Welcome to the blog of author Marlo Schalesky!

Wednesday, August 20, 2008

Clothed in Joy ... Thoughts from Madagascar

Hi Friends,

So I'm doing laundry this morning and my 8-year-old announces she has no pants she wants to wear.

"How 'bout these," I say.

"Those are too tiiiiiiight," she says.

"How about these."

"I don't like those."

"Okay, just put on these Christmas stretch pants until the laundry's done in two hours and you can wear whatever you want."

"But I only like to wear those at Christmas." (waa waa waa).

Me: "Good grief. Put them on. You need a trip to Madagascar where the kids are happy just to have clothes to wear."

(Big, heaving sigh) "Oh, all right."

And so I was reminded this morning of the kids I'd met in Madagascar - kids that taught me real joy - joy not tied to "stuff" or circumstances, ease or comfort. Just the joy found in Jesus.

It happened like this . . .

Bump, rattle, jolt - the land rover hiccuped over the furrowed lane of red earth as we made our way into the village of Morarano on the island of Madagascar. I’d come halfway around the world to help build a new church in this tiny village. Little did I know that God had even bigger plans.

We rumbled through the village of mud huts, topped with thick thatched roofs, while dozens of children raced from their homes. With wide eyes and pointing fingers, they scurried after our trucks as we traveled to the far end of the village.

Even as I stepped from the land rover, the beauty of Madagascar struck me - rolling hills, with rice paddies in every valley, trees dotting the landscape, turquoise blue skies, and red, red dirt like a swatch of crimson beneath the horizon. And there, in the valley below us, a little boy herded geese, just like in the fairy tales.

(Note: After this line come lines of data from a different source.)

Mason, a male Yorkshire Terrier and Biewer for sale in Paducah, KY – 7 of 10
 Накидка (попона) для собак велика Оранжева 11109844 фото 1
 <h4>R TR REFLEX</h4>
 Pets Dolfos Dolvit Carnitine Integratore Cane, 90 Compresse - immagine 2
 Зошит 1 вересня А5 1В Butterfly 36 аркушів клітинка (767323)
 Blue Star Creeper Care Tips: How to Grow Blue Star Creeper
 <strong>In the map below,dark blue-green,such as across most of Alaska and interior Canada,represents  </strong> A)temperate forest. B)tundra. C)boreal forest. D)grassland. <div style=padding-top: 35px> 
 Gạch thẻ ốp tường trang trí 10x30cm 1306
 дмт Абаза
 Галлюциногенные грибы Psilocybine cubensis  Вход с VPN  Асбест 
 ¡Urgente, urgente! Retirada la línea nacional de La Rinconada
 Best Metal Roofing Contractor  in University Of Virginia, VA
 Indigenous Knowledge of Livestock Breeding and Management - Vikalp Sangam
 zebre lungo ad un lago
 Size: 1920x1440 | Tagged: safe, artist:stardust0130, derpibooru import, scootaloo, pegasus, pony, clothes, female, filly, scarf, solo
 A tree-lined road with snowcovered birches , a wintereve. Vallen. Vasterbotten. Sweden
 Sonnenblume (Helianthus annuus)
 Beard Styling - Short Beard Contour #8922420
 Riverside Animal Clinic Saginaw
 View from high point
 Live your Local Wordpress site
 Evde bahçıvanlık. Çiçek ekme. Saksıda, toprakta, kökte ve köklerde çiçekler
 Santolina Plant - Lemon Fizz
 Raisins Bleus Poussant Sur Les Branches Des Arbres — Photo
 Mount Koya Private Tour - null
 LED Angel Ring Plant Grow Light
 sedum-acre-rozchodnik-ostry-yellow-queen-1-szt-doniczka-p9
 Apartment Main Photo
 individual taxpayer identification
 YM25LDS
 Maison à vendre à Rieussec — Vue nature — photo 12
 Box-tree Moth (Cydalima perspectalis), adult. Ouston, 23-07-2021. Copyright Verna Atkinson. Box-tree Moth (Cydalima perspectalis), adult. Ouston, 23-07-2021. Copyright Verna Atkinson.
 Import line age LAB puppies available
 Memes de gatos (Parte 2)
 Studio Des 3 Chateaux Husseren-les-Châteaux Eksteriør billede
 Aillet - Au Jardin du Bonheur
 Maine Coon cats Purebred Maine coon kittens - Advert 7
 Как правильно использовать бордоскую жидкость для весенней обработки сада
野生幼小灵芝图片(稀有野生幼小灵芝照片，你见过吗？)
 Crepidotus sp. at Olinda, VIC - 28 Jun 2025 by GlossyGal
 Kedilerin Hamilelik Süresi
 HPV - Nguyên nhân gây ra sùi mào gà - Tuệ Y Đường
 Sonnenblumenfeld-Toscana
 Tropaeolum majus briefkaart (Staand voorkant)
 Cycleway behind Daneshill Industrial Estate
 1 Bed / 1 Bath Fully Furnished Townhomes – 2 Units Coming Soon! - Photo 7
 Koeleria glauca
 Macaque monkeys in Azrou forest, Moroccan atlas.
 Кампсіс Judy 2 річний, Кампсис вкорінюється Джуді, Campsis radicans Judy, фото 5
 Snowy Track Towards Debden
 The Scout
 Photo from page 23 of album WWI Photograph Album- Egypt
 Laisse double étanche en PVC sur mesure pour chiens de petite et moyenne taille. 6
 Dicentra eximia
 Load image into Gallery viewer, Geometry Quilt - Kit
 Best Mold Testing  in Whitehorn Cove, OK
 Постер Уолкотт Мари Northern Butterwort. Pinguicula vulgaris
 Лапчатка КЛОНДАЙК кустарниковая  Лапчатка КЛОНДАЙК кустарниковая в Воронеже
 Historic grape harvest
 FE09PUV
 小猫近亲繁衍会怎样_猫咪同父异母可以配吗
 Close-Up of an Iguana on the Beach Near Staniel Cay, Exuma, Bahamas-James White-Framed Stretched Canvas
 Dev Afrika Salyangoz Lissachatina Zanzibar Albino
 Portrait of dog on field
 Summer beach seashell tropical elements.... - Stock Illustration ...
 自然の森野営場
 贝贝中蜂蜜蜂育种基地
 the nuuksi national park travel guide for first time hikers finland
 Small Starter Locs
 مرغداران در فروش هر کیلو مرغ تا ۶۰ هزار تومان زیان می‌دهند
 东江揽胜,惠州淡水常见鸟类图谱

I smiled, slipped on some gloves, and got ready to work. It was then that I heard it. A tiny giggle, a snicker really. I turned. Behind me, a group of children stood with their hands covering their smiles.

"Vazaha.” Foreigner. I heard them whisper the word.

"Hello.” I took a step toward them.

Instantly, they scattered like dandelion seed in the wind. I shook my head and laughed. Then, my face sobered. Poor kids, I thought, looking at their matted hair, runny noses, and the tattered rags they used for clothes.


All that day, and the next, the kids watched and giggled and pointed as our team worked to lay the stone foundation for the 13.5 by 9 meter sanctuary that would service the 1,400 people in Morarano and surrounding villages.

By the third day, the kids had decided that we were okay, calling out "manao ahoana! manao ahoana!” (hello! hello!) as they ran, pell-mell, to greet us.

“Manao ahoana” we called back, pleased with ourselves for mastering one word of the Malagasy language.

As the days passed and the layers of mud and brick reached ever higher on the new church’s walls, I found the happy greeting of the children had changed. No longer did they just call out "hello.” Now they said "manao ahoana namana,” hello friends.

By the last day, the kids didn’t stand and watch as we worked. Each child, even those so small that they could barely walk, pitched in to help. Now, it was my turn to stare with wonder as these tiny children hauled one, two, and sometimes three bricks and handed them to us on the scaffolding.

All too soon, the sun waned in the afternoon sky. With final calls of "veloma" (goodbye) we left the village, our hearts filled with love for the Malagasy people and their sweet, dirt-splotched children.

As the red-mud huts of the village dropped from view, I thought about how the kids worked with us that day, how they had seen past our "foreigner” exterior and called us "friends.” They had stopped whispering "vazaha,” but had I stopped whispering "poor kids?”

I closed my eyes and allowed a hundred memories to sweep through my mind - little Rosa carrying her brother on her back and three bricks in her arms, a group of boys laughing as they pulled one another on the cart we used for hauling stones, the girls giggling as they pointed to themselves and said names that I couldn’t hope to pronounce. These were the kids I had pitied and thought, how sad. How could I possibly associate that word with those bright, joy-filled children?

What’s wrong with me, God? I prayed. Am I blind to happiness unless it’s wrapped in a pretty package?

As I sat and remembered the happy giggles of the children of Morarano, God broke through my blinders. He taught me to see as He sees, for "Man looks at the outward appearance, but the Lord looks at the heart." (1Samuel 16:7 NIV)

Now, I say, "Rags? What rags?” All I remember are white smiles like the adorning of jewels, glittering robes of laughter, and the unfettered, happy spirits of kids clothed in the joy of Jesus.

1 comments:

Smilingsal said...

I need to hear stories like this one so that I can more appreciate what I have and acknowledge the value of all.